If a referee wants to stop the match, they must blow the whistle. That never occurred. Furthermore, the Vaughn player went down, despite having no sign of injury or physical contact with another player, right before King’s entered into the box.
Gamesmanship? Most likely, as the player then went on to “go down injured” four times throughout the remainder of the match along with many other players in what seemed to be planned method to waste time waste and recover energy. Nevertheless, King’s legitimately was robbed of a goal. Ten minutes later, they found themselves down a goal following a long-range strike by, guess who, the player who went down “injured.”
That blasphemous disallowed goal call wasn’t the only bad break King’s got in the first half. With a minute remaining in the half, King’s found themselves inside the Vaughn 18-yard box. After a King’s player got knocked down in the box, the referee blew his whistle for the first time following the opening kickoff.
But, a penalty kick, the compensation an attacking team gets for getting fouled in the opponent’s box, was not given. An indirect free kick was given instead, a call that only occurs when a goalkeeper handles a ball that his teammate passed to him.
Frustrating? That’s an understatement. Troubling? Still an understatement. Appaulling and juvenile? Getting warmer.
In the second half, the referee continued to dictate the game by not using his whistle correctly. Fouls occurred on both sides of the ball, and no whistle was to be heard, leading the play to become even more physical and dangerous.
King’s outplayed Vaughn in the second half but could notcouldn’t earn a result. Vaughn added a second goal later on in the half following a goal from King’s forward Pedro Gallaga, 21’, a few minutes following the second half kick-off to earn a 2-1 victory.

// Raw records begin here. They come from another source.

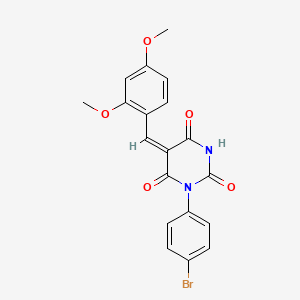 1-(4-bromophenyl)-5-(2,4-dimethoxybenzylidene)-2,4,6(1H,3H,5H)-pyrimidinetrione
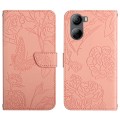 For ZTE Libero 5G IV Skin Feel Butterfly Peony Embossed Leather Phone Case(Pink)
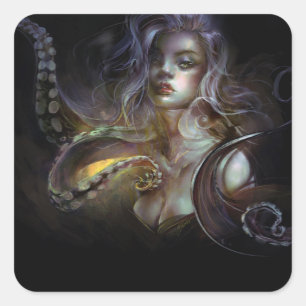 Cuadrada Pegatina Octopus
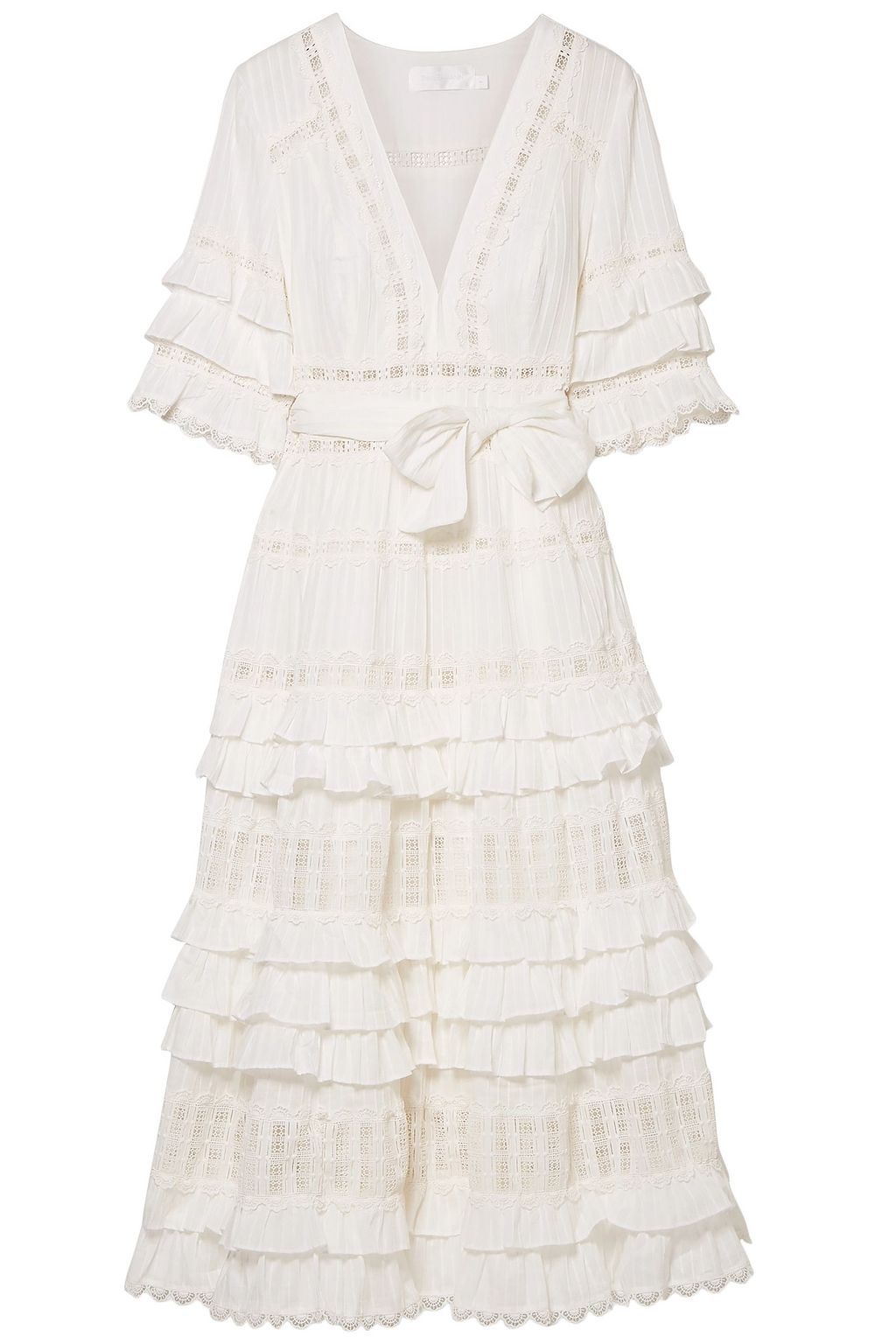 tiered cotton midi dress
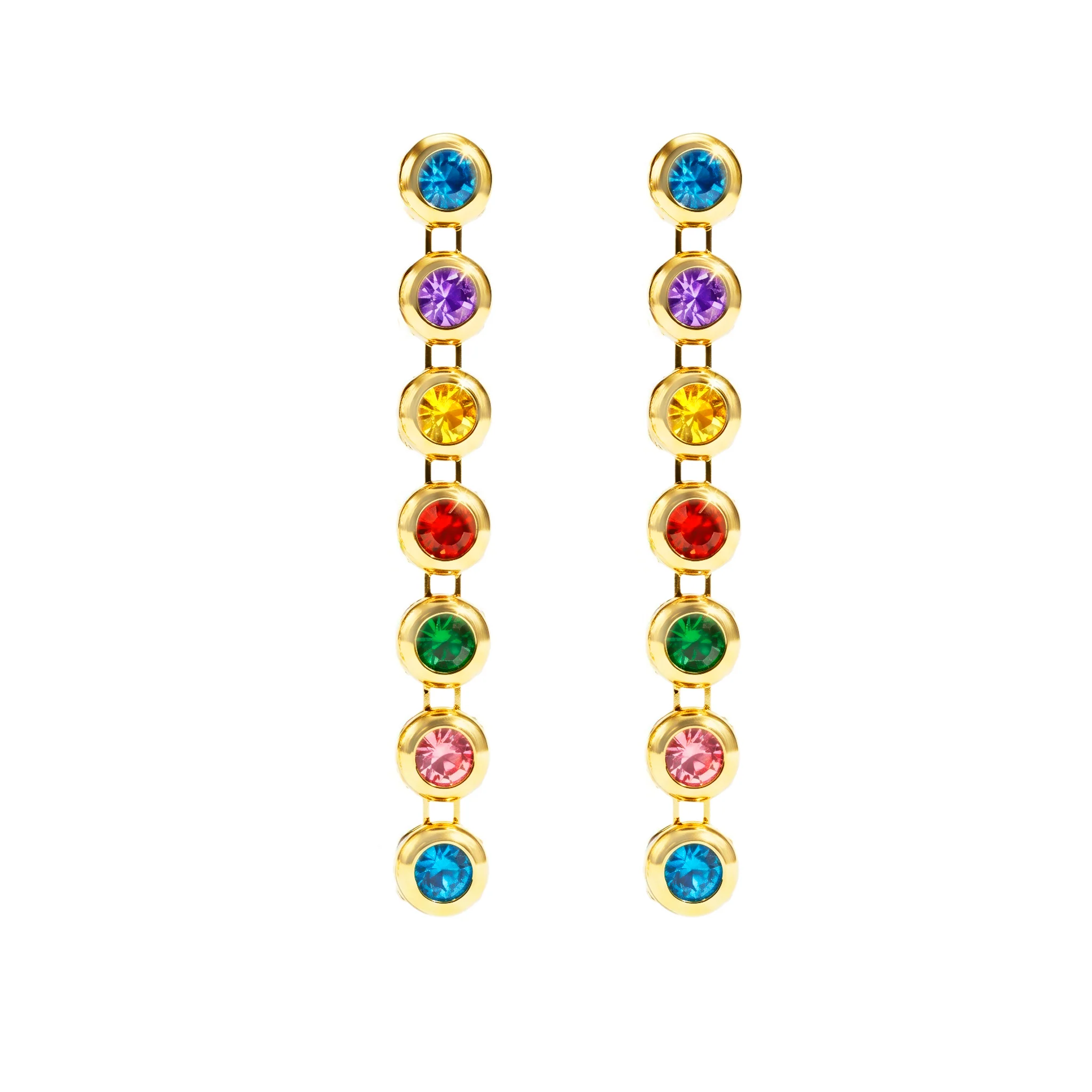 PRAO Earrings Anti-Tarnish Linear Drop With Multicolor Crystals - Image 2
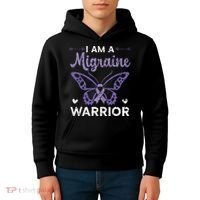 I Am A Migraine Warrior Headache Migraine Awareness Kids Hoodie thumb 4
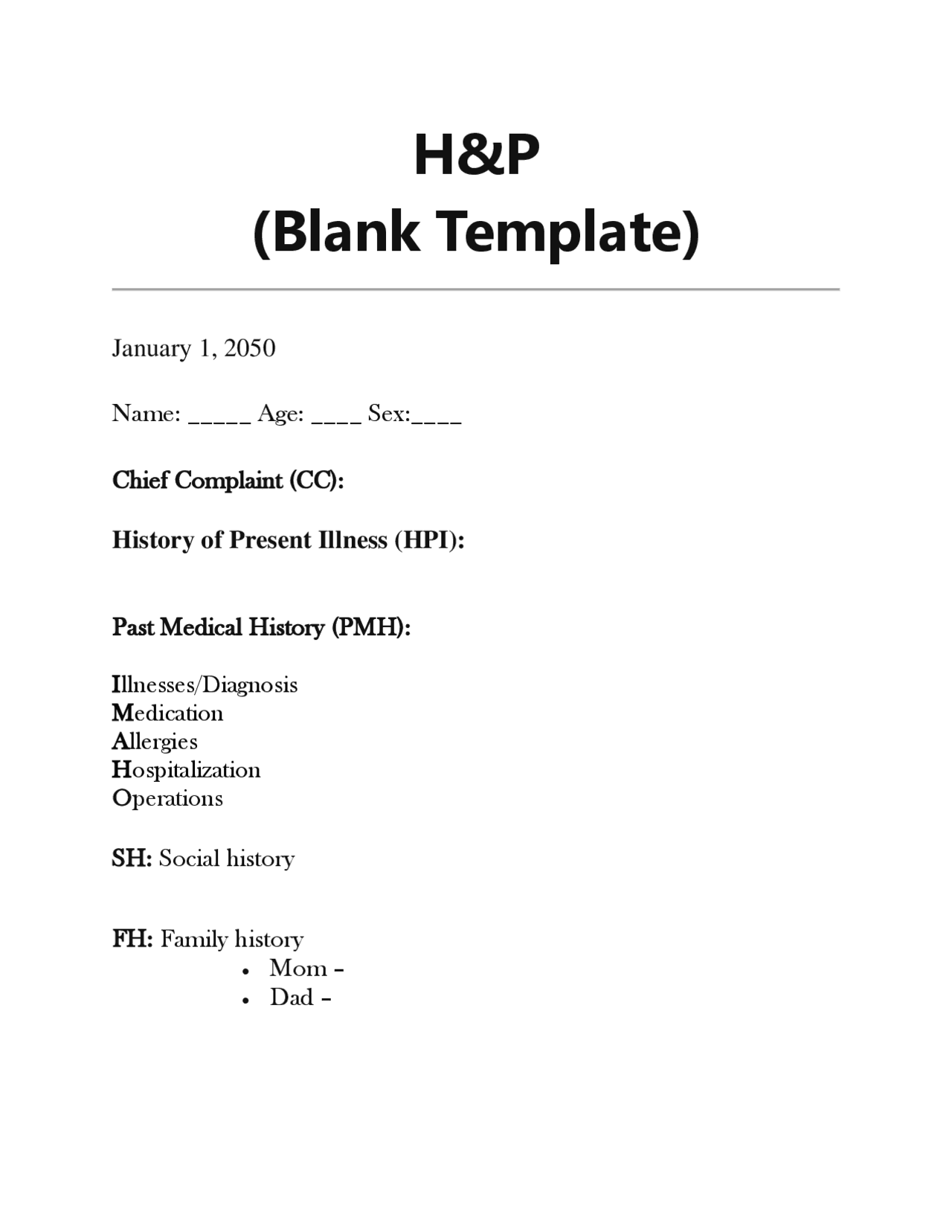 Hu0026P Blank Template Exams History Docsity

Could King’s have played better throughout the match? Most certainly. Tired legs got the better of the team and half-hearted defending and pressing became the theme as the game progressed.
“We need to work on little things,” captain Craig Wishart, 20’, said following the match. “We have outplayed everyone, but have 10 minutes lapse in play every match where we concede goals.”
Wishart hit the nail on the head with that comment, as King’s does indeed lose focus in short spurts. Those spurts lead to opponent’s scoring goals which take away points from King’s, who could be sitting second in the HVIAC right now if those lapses didn’t occur.
Now looking at the bigger picture, King’s deserved more than a one-goal loss on Sunday. Head coach Tom Harmon doesn’t like to make excuses for his team losing or being at a disadvantage. If he ever wanted to start, Sunday’s match would have been the perfect place to do so.
Spineless refereeing attached at the hip with an ignorance of the FIFA Laws of the Game cost King’s at least a point on Sunday. Never in my time as a soccer journalist, or even as a referee when I was younger, have I seen as miserable of a refereeing performance.
Though King’s could have played better on Sunday, it was a preposterous display by the center referee that took away a point(s) from the King’s College men’s soccer team.